Nick Sabalausky wrote:
"Justin Johansson" <n...@spam.com> wrote in message news:i42ba3$1b...@digitalmars.com...
Nick Sabalausky wrote:
"Justin Johansson" <n...@spam.com> wrote in message news:i424ac$27n...@digitalmars.com...
Graham St Jack wrote:
Is there any plan to introduce some way of having a mutable reference to an immutable class object on the heap? Do others see this as a problem at all?
For embedded microsystems (i.e. with ROM/RAM) this is a problem.  It
is a common use case to have a mutable reference (in RAM) to some
objects that reside in ROM.  Obviously anything in ROM is guaranteed
by hardware to be immutable.  So, yes, this is a problem in a
wider sense.
Would there every really be anything in ROM though that would be appropriate as a class though, as opposed to, say, a struct? I've never heard of an object with a vtable being stored in ROM.
Yes, well back in my embedded C++ days yes did so.  But just because I
did doesn't necessarily make it a common use case.  Strike 'common'
above and replace with 'valid.


Interesting.

Anyway, what about a mutable reference to an immutable struct (in ROM)?

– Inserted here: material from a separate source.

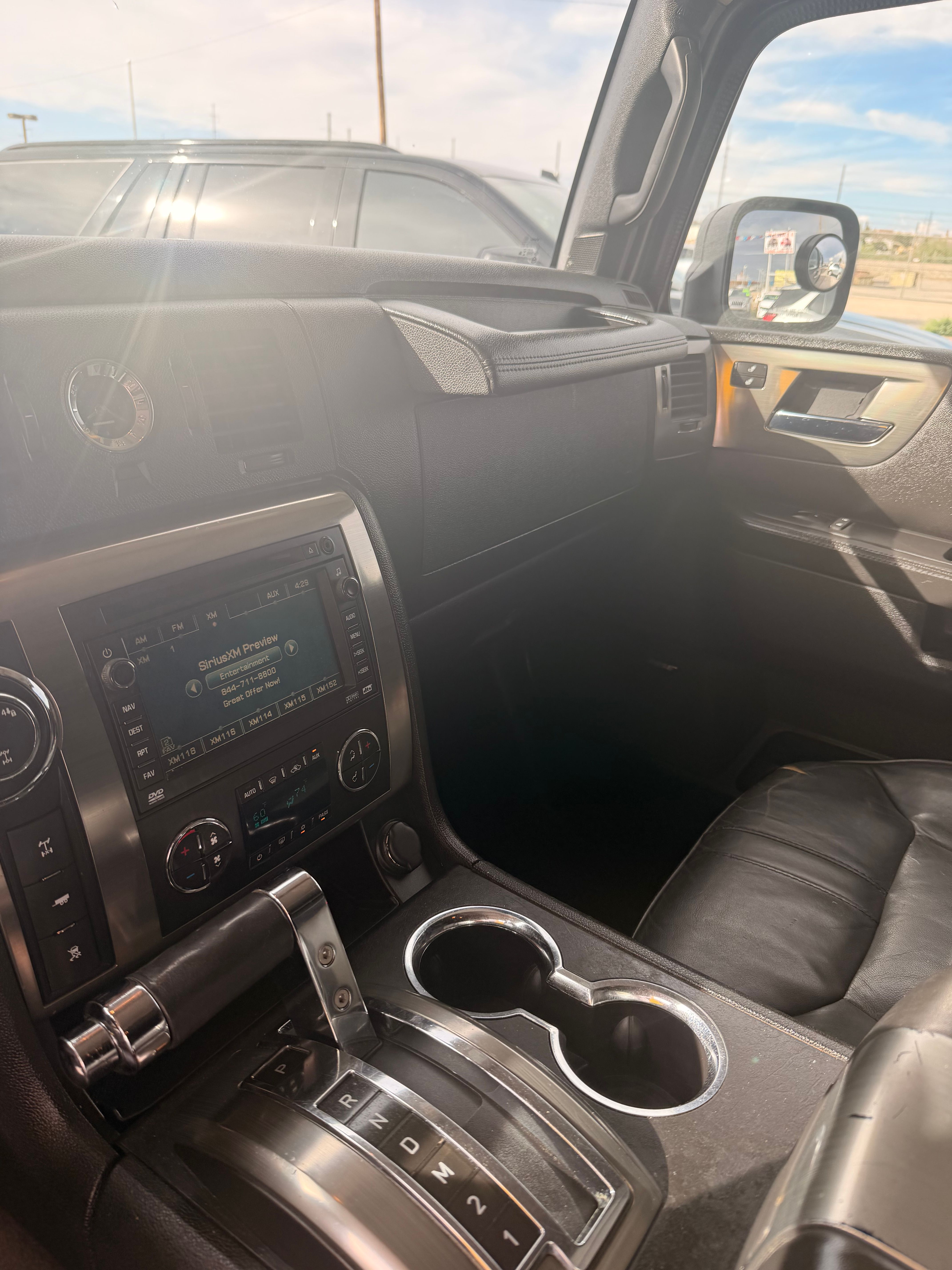 Used 2008 HUMMER H2 AWD/4WD image 14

Since structs are value types in D, wouldn't a reference to it (mutable or otherwise) *have* to be a pointer?




Probably you are right.  I was mainly talking in general terms about
embedded systems (ROM/RAM architectures) and with C++ experience
in this area.  I have never used D in an embedded environment so
YMMV as far as my comments are concerned.